Spillway is a twice annual, print poetry journal. Issues are themed.
(Ceased publication)
SQF: What are the top three things you look for in a submission and why?
ST: I like to be surprised. Spillway issues are themed, and I’m always looking for unusual ways to approach any of them, though I think all themes are probably variations on “love and death”.
I look for a variety of poetic styles, because I think an eclectic volume is always more interesting than one that feels as if it reflects only one type of poem. I think of each volume as an anthology, which – I hope – is rich in possibility.
I am always looking for musicality of line and a strong sense of poetic craft – poems that seem finished (whatever that means), rather than still in process.
SQF: What are the top three reasons a submission is rejected, other than not fitting into your answers to the above question and why?
ST: Poems that seem to be still in process. (Sorry a repeat, but the #1 reason poems get rejected.)
Good, well-made poems that seem to lack the spark that makes me fall in love with them. It’s always necessary for me to fall in love with a poem before I say yes.
Poems that are excellent but seem to duplicate poems already accepted for a volume. Often submitting late in a cycle is a disadvantage, because I do a kind of rolling acceptance. That means by the end of a cycle it’s much harder to get a “Yes” from me.
SQF: What other common mistakes do you encounter that turn you off to a submission?
ST: Poems that don’t seem fresh. Poems that don’t make me feel something. In general, I excuse spelling, punctuation, even grammatical errors – all of which can be easily corrected – but I don’t like: lower case “i” in first person poems, poems that are centered, poems that arrive with ornate, hard-to-read fonts, or cover letters with long, padded bios. For me, it’s always strictly about the poem, not about the prior credits of the poet.
SQF: Do you provide comments when you reject a submission?
ST: I provide comments for poems that come close and for poets I’ve published before; but most poets receive an online note that is not individualized. I read at least 5,000 poems per issue, so individual responses to all are simply not possible. I am a one person editorial staff with no assistant editors or interns. And I also act as Poetry Editor for two online journals – In Posse Review and Pedestal Magazine, so I read & reply to those poem submissions also. I wish I could reply to each poet individually, but I simply can’t.

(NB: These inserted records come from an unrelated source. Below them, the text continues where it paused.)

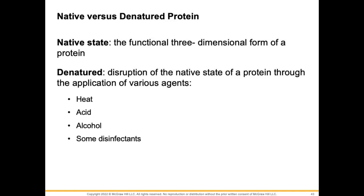This is part 5 of chapter 1 — the final installment. We're going to talk a little bit more about proteins: native state versus denatured.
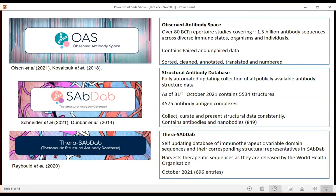The second database is the Structural Antibody Database (SAbDab) - a fully automated, updating collection of all publicly available antibody structure data, containing about 5,500 structures. The reason we built it is that searching the protein data bank for 'antibody' doesn't return a clean collection of antibody structures. SAbDab provides a consistent, numbered, cleaned dataset. The third database is TheraSAbDab - a semi-automatic, self-updating database of all immunotherapeutic variable domains, collecting sequences released by the WHO, with about 700 entries covering everything post phase one clinical trials.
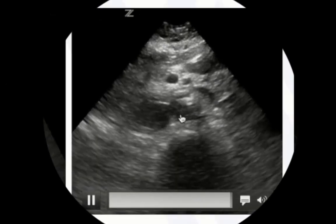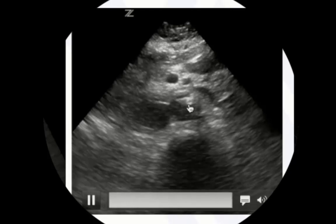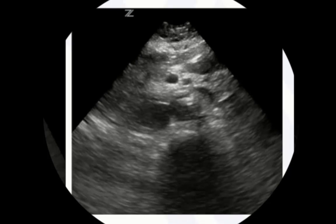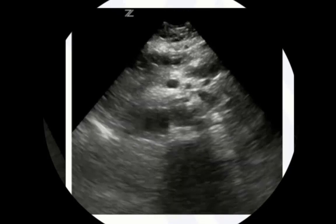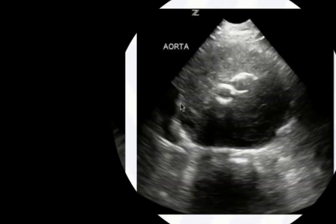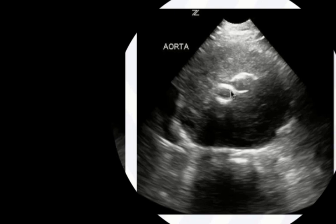Here we see an aorta with a flap that's moving during the cardiac cycle — this is an aortic dissection. Point-of-care ultrasound has high specificity but not high sensitivity for aortic dissection, so you can't rule it out, but you may rule it in. We may also have post-operative patients who have had an aortic aneurysm repaired and now have an aortoiliac graft in place — recognize those findings and don't let them confuse you. Interpret everything in clinical context.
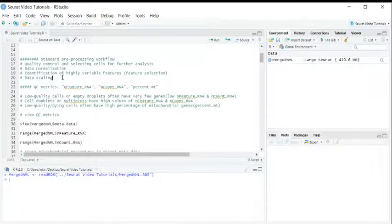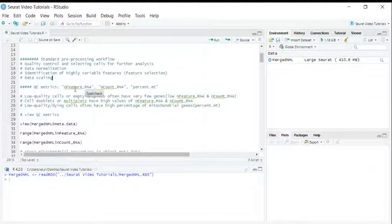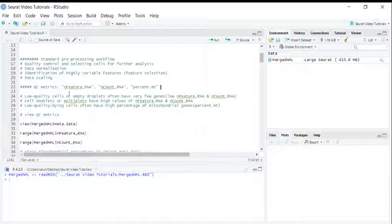In today's video, I'm going to talk about three commonly used quality control metrics. They are n-features RNA, n-count RNA, and the percentage of mitochondria genes.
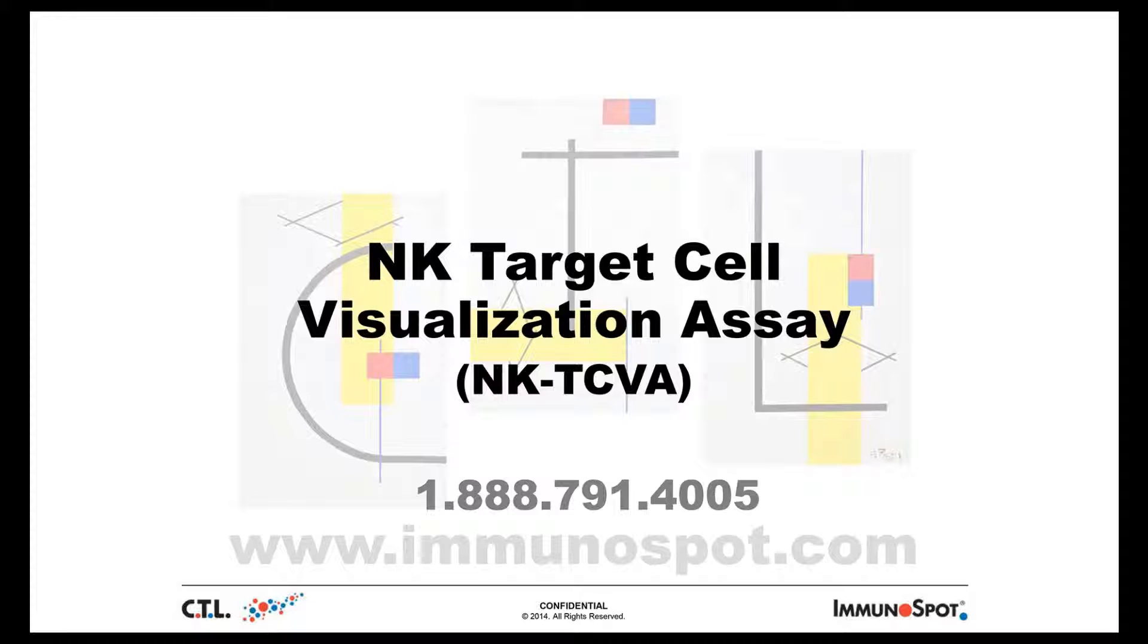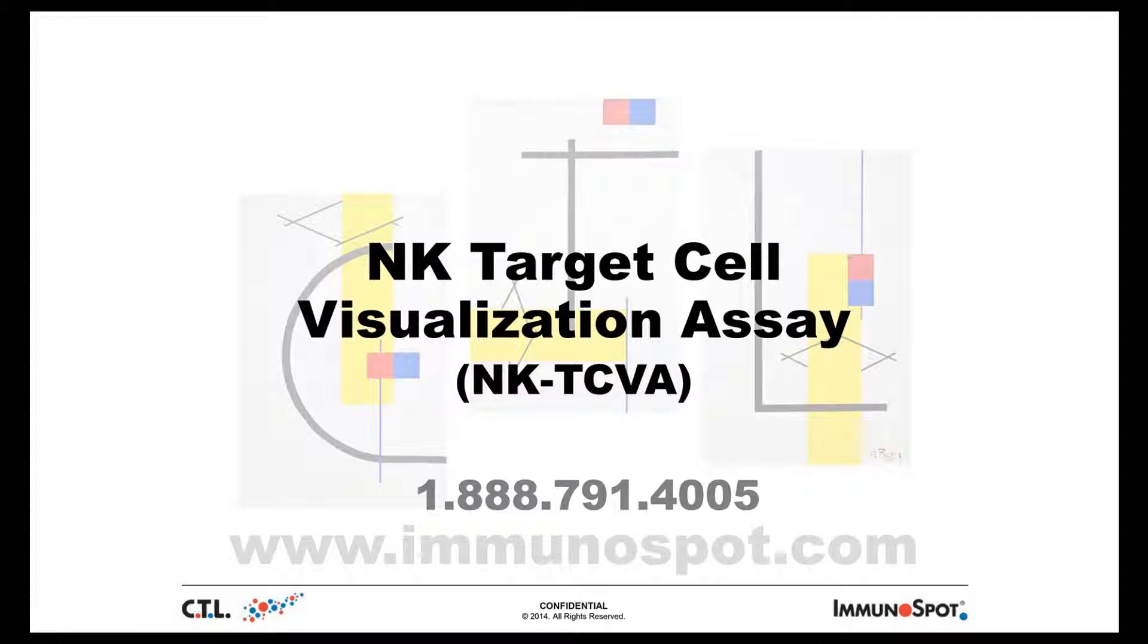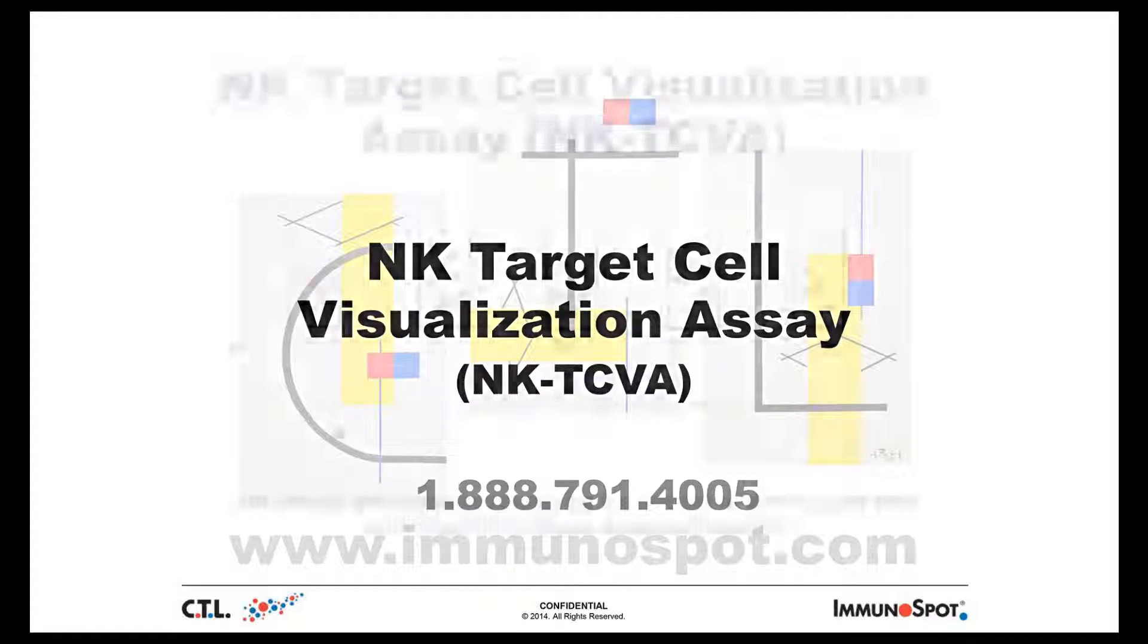The NKTCVA or target cell visualization assay detects the lysis of tumor cells by natural killer cells in a non-radioactive fashion where scanning, counting, and analysis is automated, thereby eliminating any subjectivity in the process. The NKTCVA reagent kit includes the target cell dye and the plates required to perform the lysis experiments.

SQF: Based on your experience as an editor, what have you learned about writing?
ST: I’ve learned a lot about the kind of surprise, spark, or originality that will attract an editor. Interesting titles seem to make an editor take a good look at a poem. Any poem should have concrete details that intrigue or delight the editorial reader. I’ve learned themed issues offer a somewhat better chance of acceptance, since editors need poems that fit or broaden the theme, rather than only poems by better-known poets. Oh, yes – and I’ve learned not to send out work in that first flush of excitement right after it’s written but to wait, revise, reread, revise again until any poem is as well-crafted as I am able to make it. And, lastly, I’ve learned that sometimes, no matter how hard a poet works, a poem is simply not a poem – that it should be something written as prose or that it should (yikes!) simply be deleted.
SQF: What one question on this topic do you wish I'd asked that I didn't? And how would you answer it?
ST: Are you more interested in the poet or the poem?
For me, it’s always about the poem. If I fall in love with a poem, it doesn’t matter to me who the poet is or how many impressive publishing credits he/she has.
Thank you, Susan. We all appreciate you taking time from your busy schedule to participate in this project.